TASK ITEM:
The result should be the listing below, restated exactly, with its pictures left out.

MATERIAL PROVIDED:
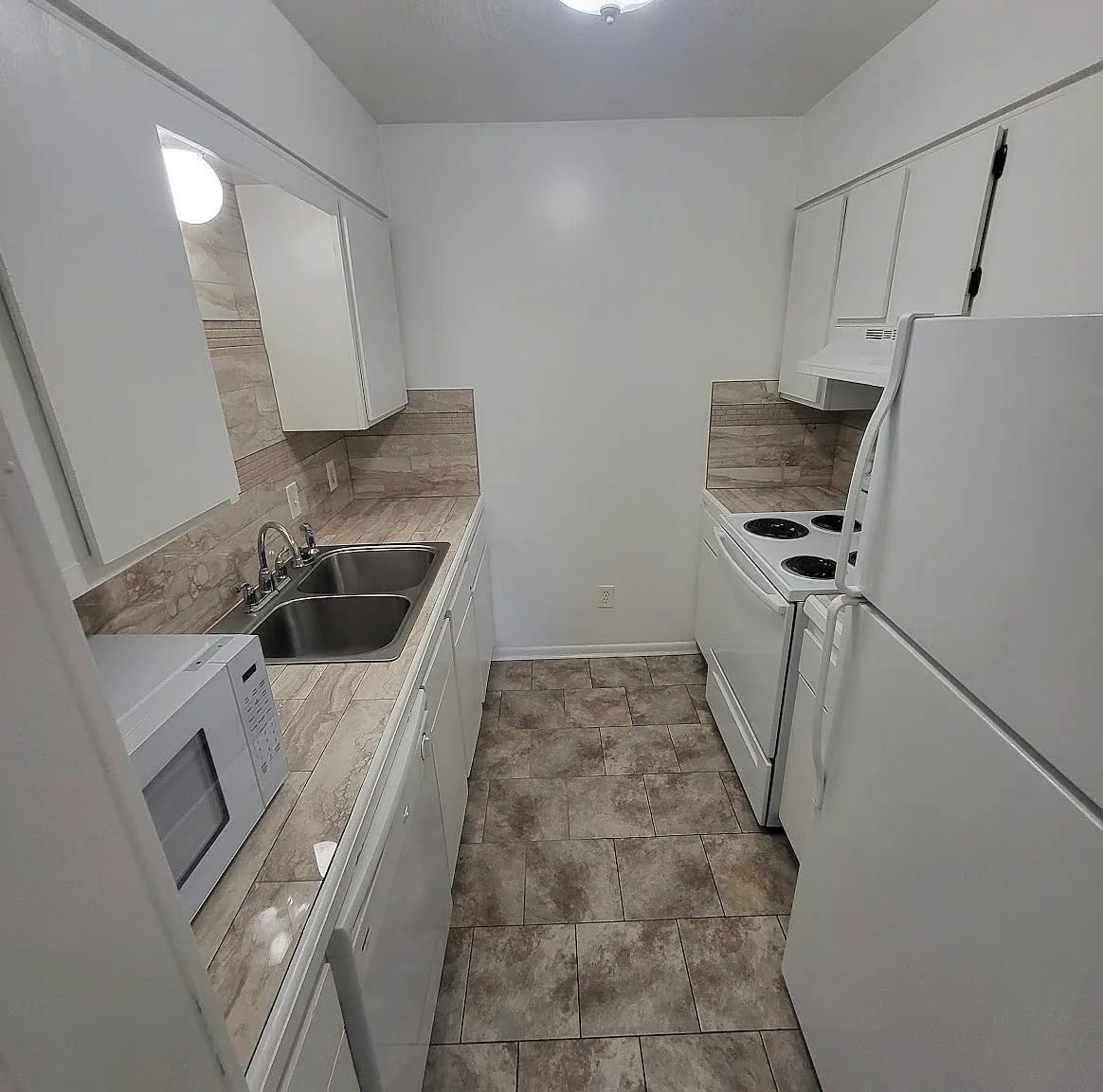 Cassandra Apartments — Photo 3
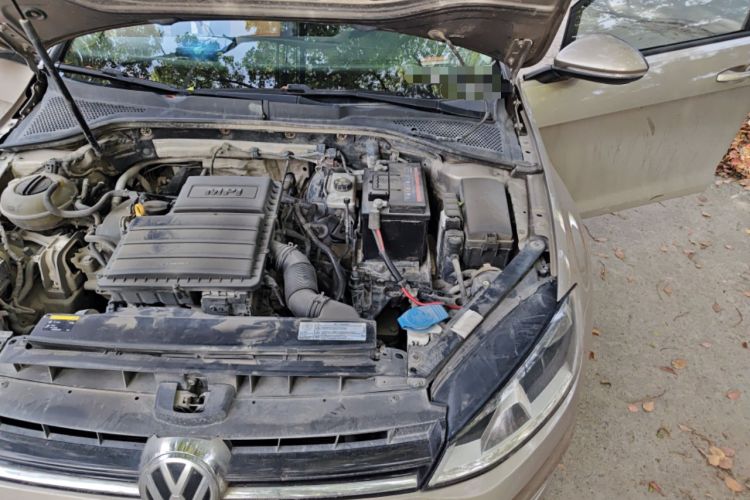 Used Volkswagen Golf 2015 1.6L Automatic Fashion Model Engine Bay Left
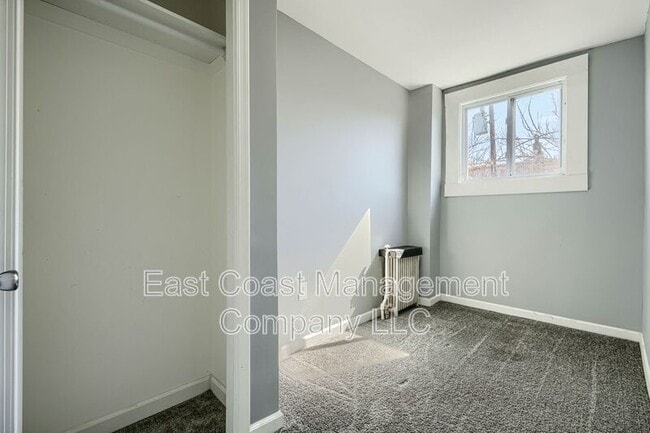 Building Photo - 3213 Elmley Ave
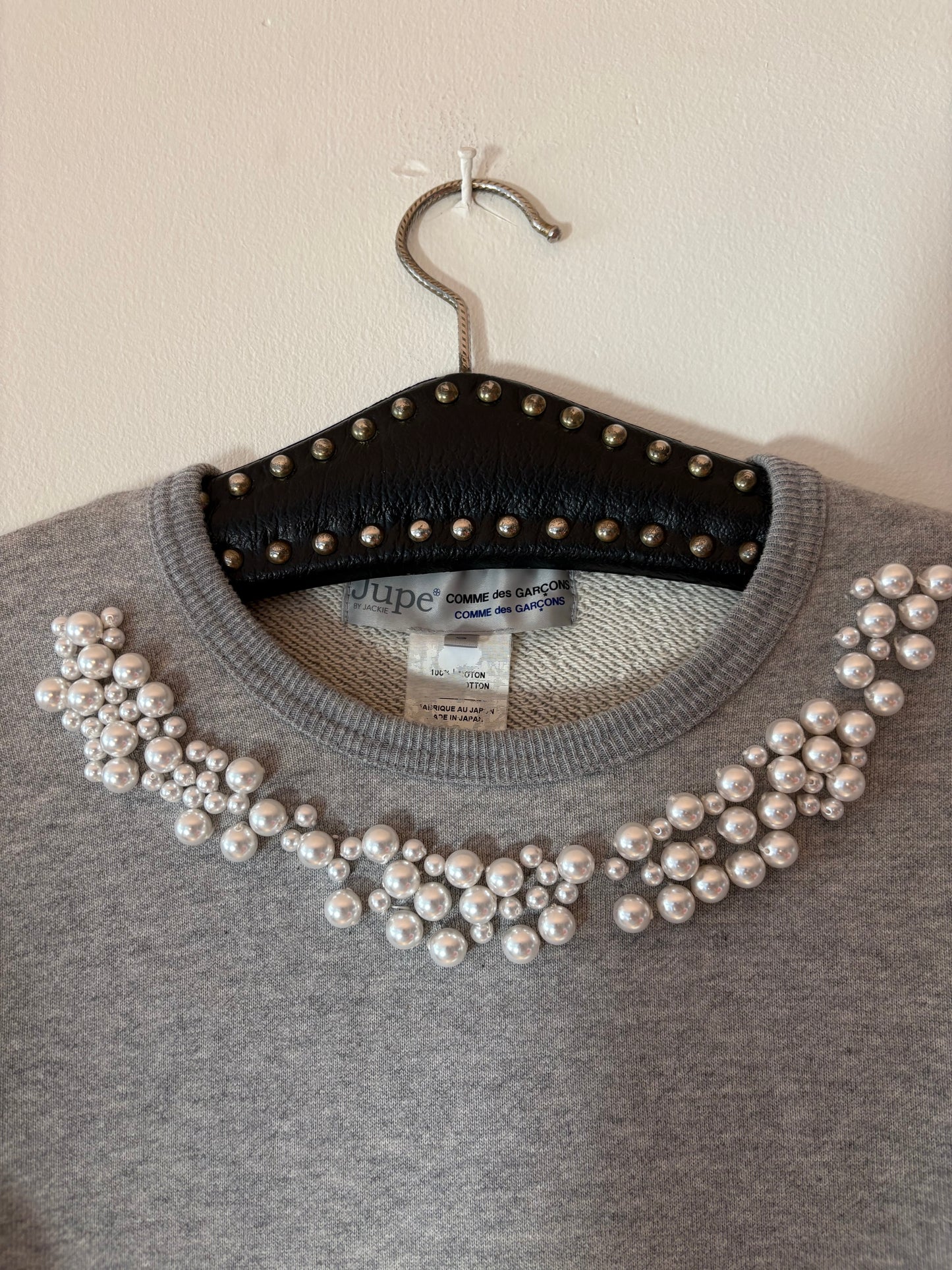 Pearl sweatshirt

SOLUTION FOR THIS TASK:
 Cassandra Apartments — Photo 3
 Used Volkswagen Golf 2015 1.6L Automatic Fashion Model Engine Bay Left
 Building Photo - 3213 Elmley Ave
 Pearl sweatshirt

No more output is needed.